Me or us Cohesion in a crisis
We all know the conflict between social responsibility and personal well-being. Why it is important to stick together right now
Lessons learned from the crisis: Solidarity can also mean staying at a distance
© Getty Images / E + / FluxFactory
"It is enough now!" Every now and then we may all find ourselves thinking about this. After around two months of massive restrictions, we long for freedom and joie de vivre! A cozy chat with friends in the beer garden, finally back to a concert or the cinema, planning the next trip full of anticipation - after all, we had to do without all of that long enough! But much of this is not yet possible in the foreseeable future. And right now, with the first loosening, the impatience is growing in many, the longing for more.

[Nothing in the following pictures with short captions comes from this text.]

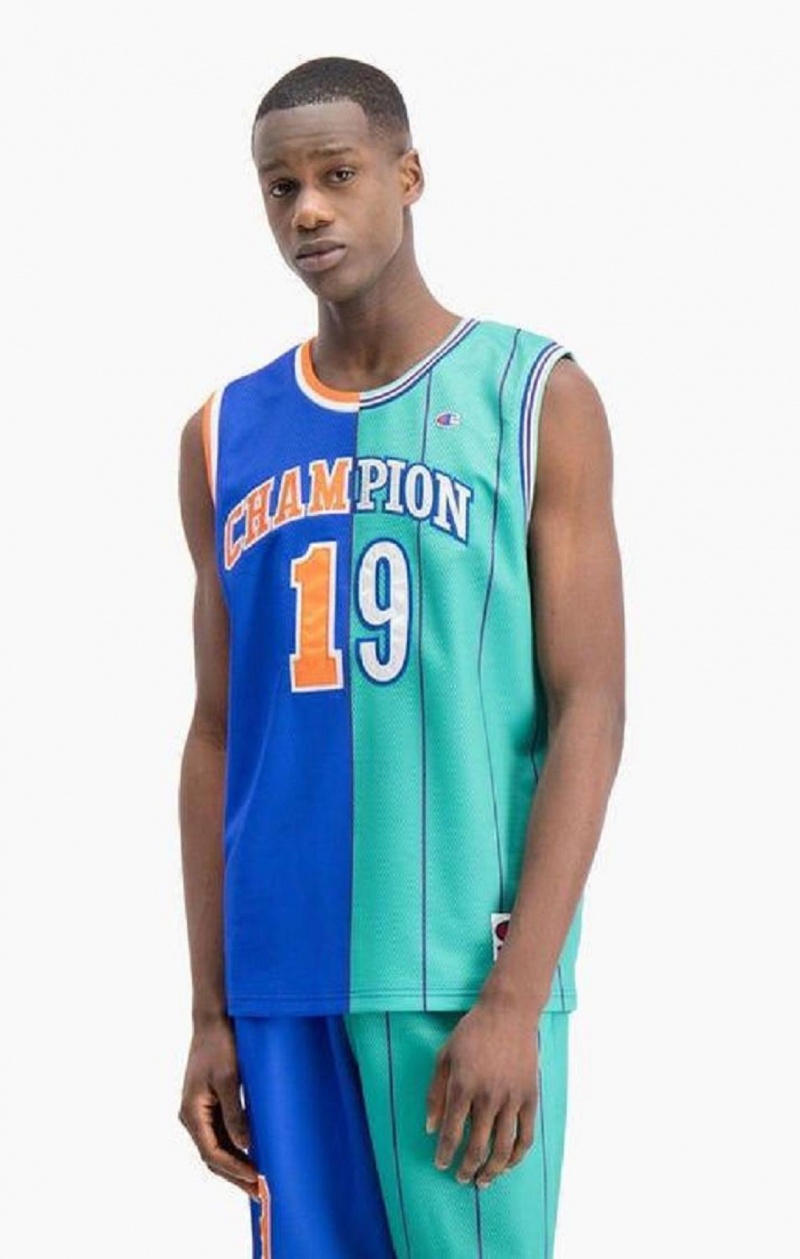 Camiseta Champion NBMIX Patchwork 'Champion 19' Basketball Azules | 9853-VINEZ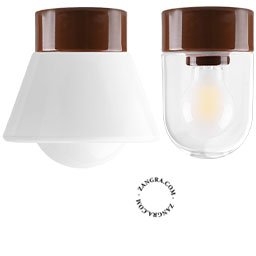 brown porcelain lamp David - Ø 10cm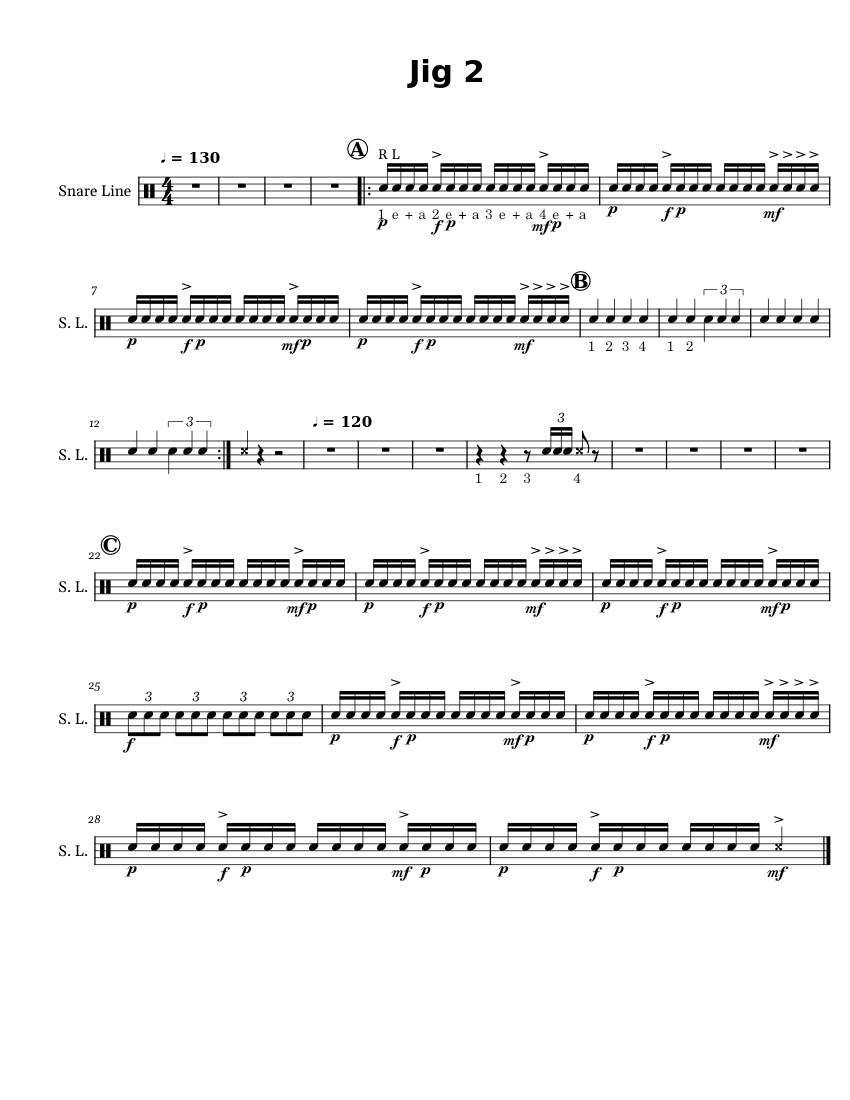 CDA Jig 2 Snare Sheet music for Snare drum (Solo)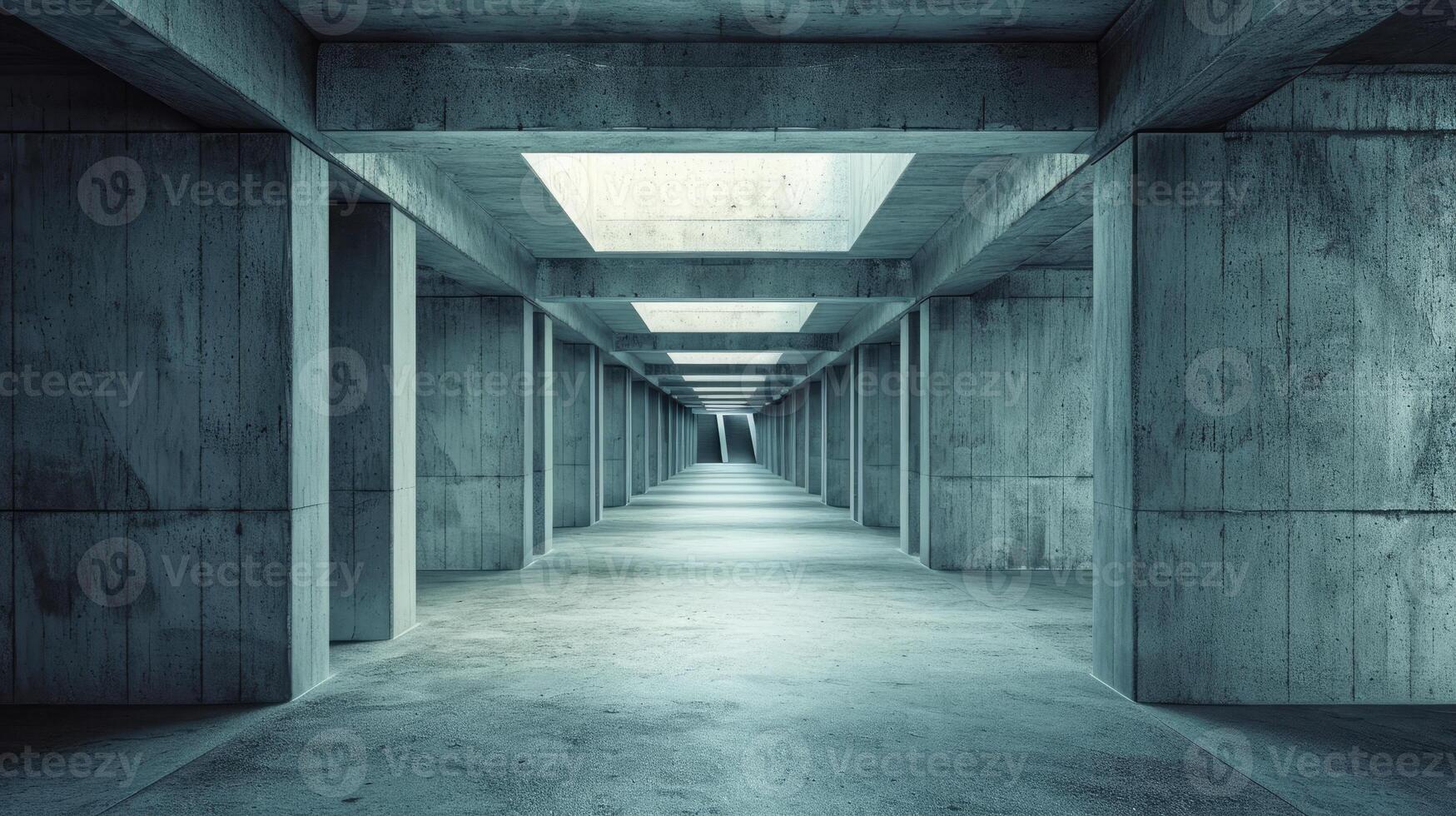AI generated Concrete corridor of a structured building. Urban ambiance, Ai Generated. photo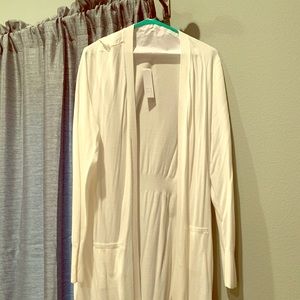 XL white mid length cardigan.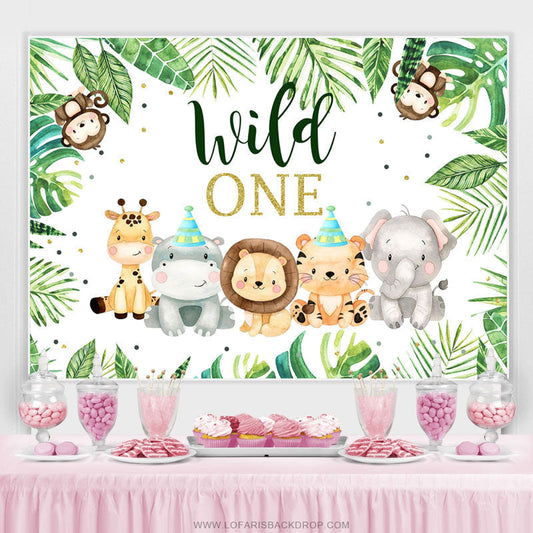 Lofaris Little Cute Jungle Animals Wild 1st Birthday Backdrop
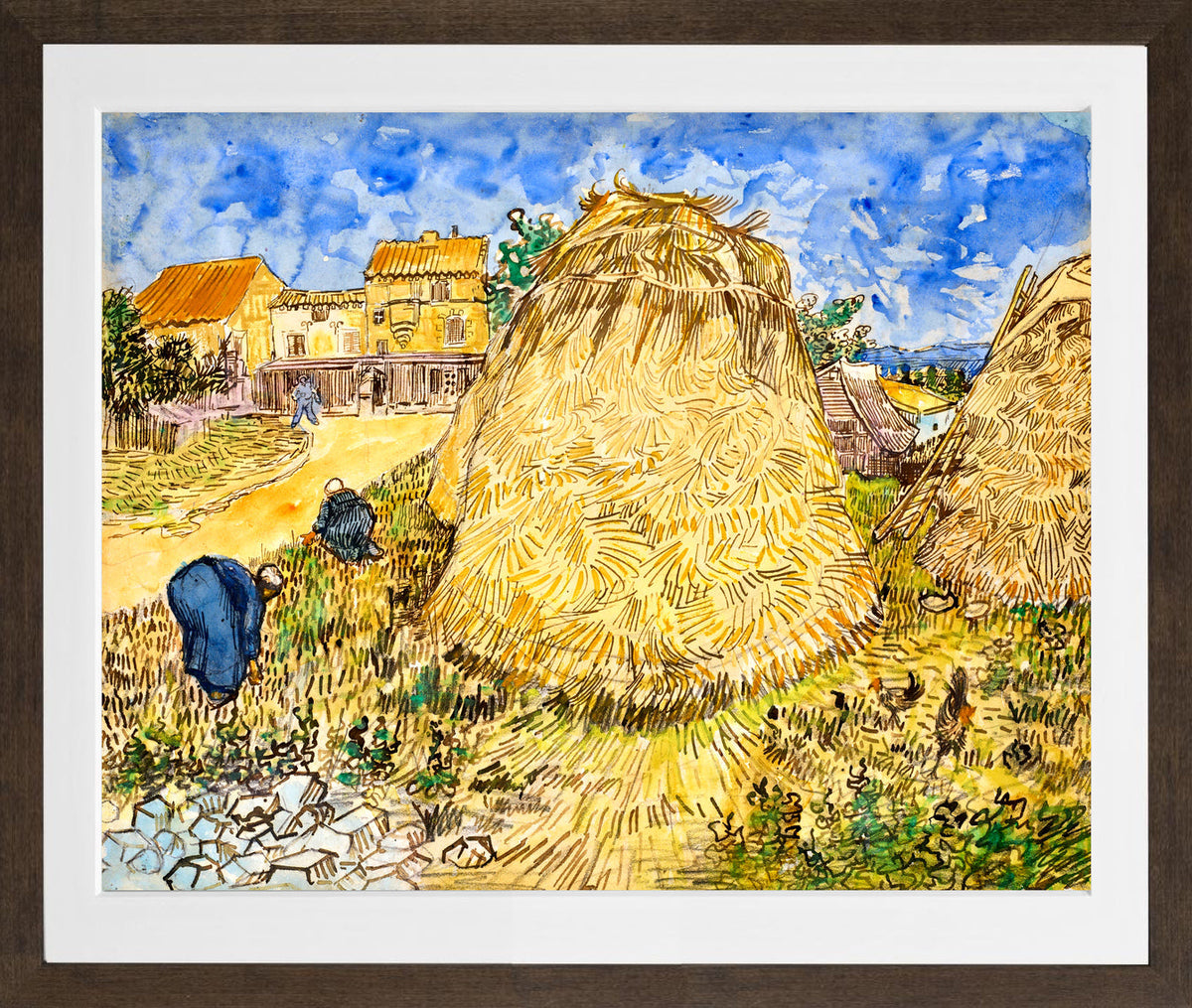 Vincent van Gogh Print, 099 Meules de blé (1888)_10x8 in a brown frame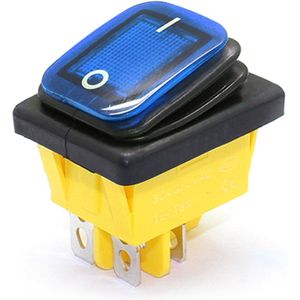 Orbit Electronic Wipschakelaar ON-OFF - 4-pins - 30x22mm - 30A 250V - Spat Waterdicht - KCD4-201-30 - Blauw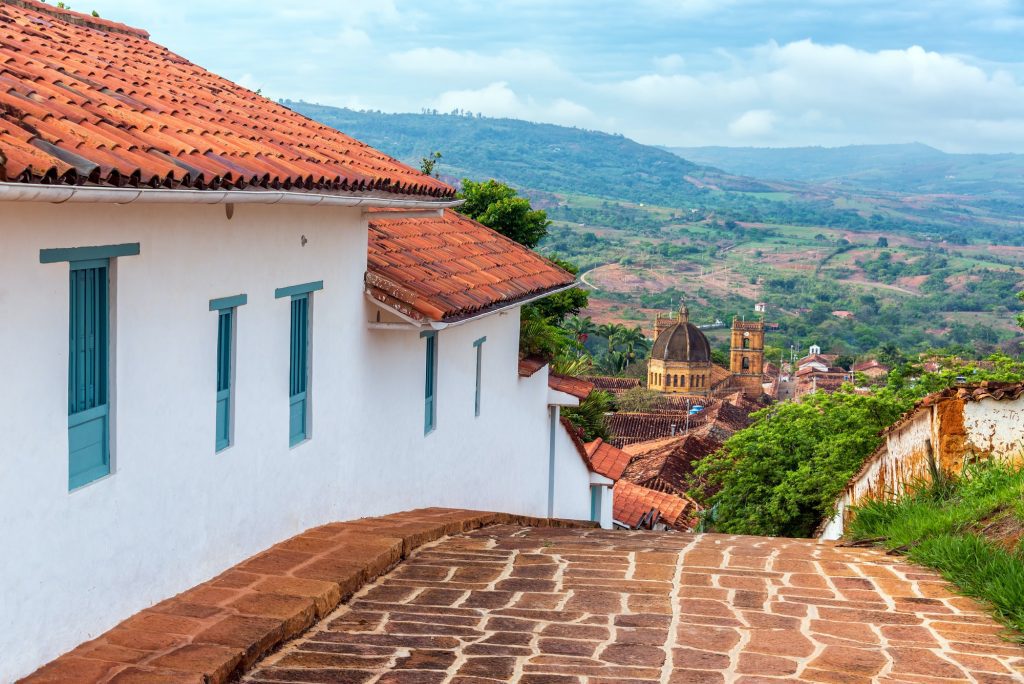 Cobblestone streets and ochre stone walls of Barichara, Santander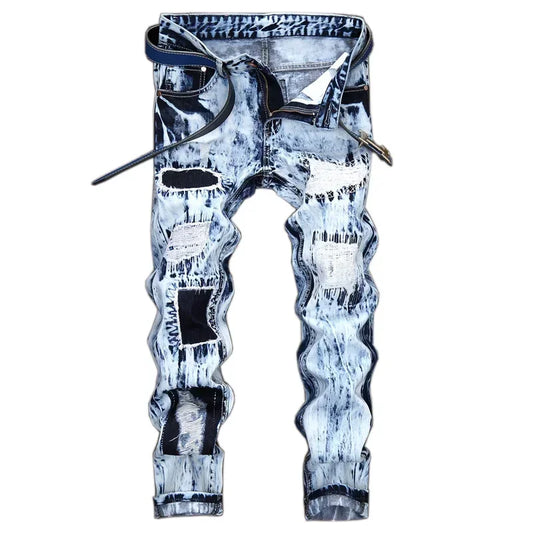 Denim Embroidered Patchwork Ripped Jeans (without Belt) Slim Fashion High Street Motorcycle Denim Pants Male Designer Clothes, men's jeans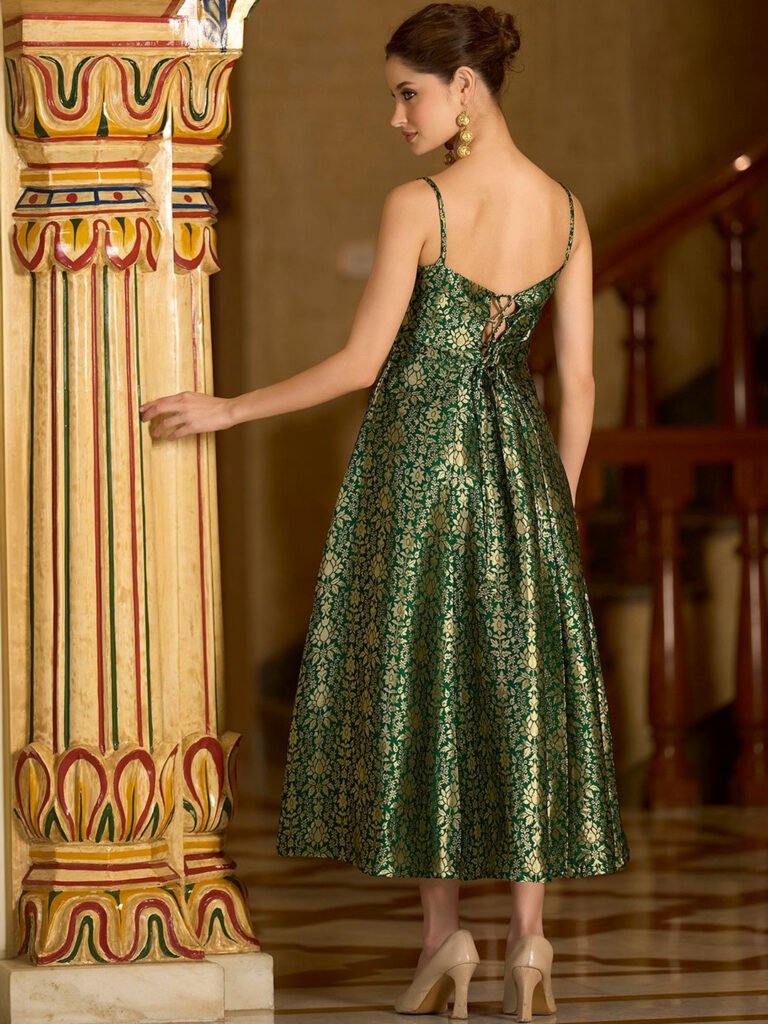 Green Jacquard Fit & Flare Midi Dress view 3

There is a lot at stake for all of us - still! For some it may be the family celebration, the cultural highlight or the next vacation. For others, it's about the job or possibly the economic existence. And for others, it's about their health, maybe even their life. No, the crisis is far from over: not medically, not economically - and certainly not from an ethical and social point of view.
To take responsibility
We all have to ask ourselves at the moment: Is my personal well-being and the immediate satisfaction of my needs possibly more important to me than the general welfare? The Bishop of Essen, Franz-Josef Overbeck, called for "solidarity to be practiced as a clear sign of determination to work for the common good and for social justice." The German bishops had declared on the corona pandemic that the restrictions were sensible and responsible and at the same time emphasized that the restrictions must be relaxed again with responsibility and a sense of proportion. "Now everyone has to take responsibility and behave considerately towards their fellow human beings," confirms the Munich Jesuit Father Bernd Hagenkord. "Freedom without responsibility is counterproductive because it can harm other people." He advocates never losing sight of the effects your own actions can have on others. "It's exhausting, but it doesn't work without it."
Great level of solidarity
As the pastor knows from numerous conversations, many people take their social responsibility seriously, pay attention to the consequences of their behavior and put their own interests aside. "We are currently experiencing a great deal of solidarity," says Hagenkord. "I hope that it will stay that way even after the crisis and that" we can finally get back "will not gain the upper hand." After months of contact restrictions, a real danger. Especially since the danger posed by the virus is still very abstract for most people and is usually ignored. Just like the thought of death. "There is currently more talk about death," says Hagenkord. "At the same time, Corona separates us from dying as long as we are not allowed to go to old people's homes and funerals." This leads to an alienation, so to speak.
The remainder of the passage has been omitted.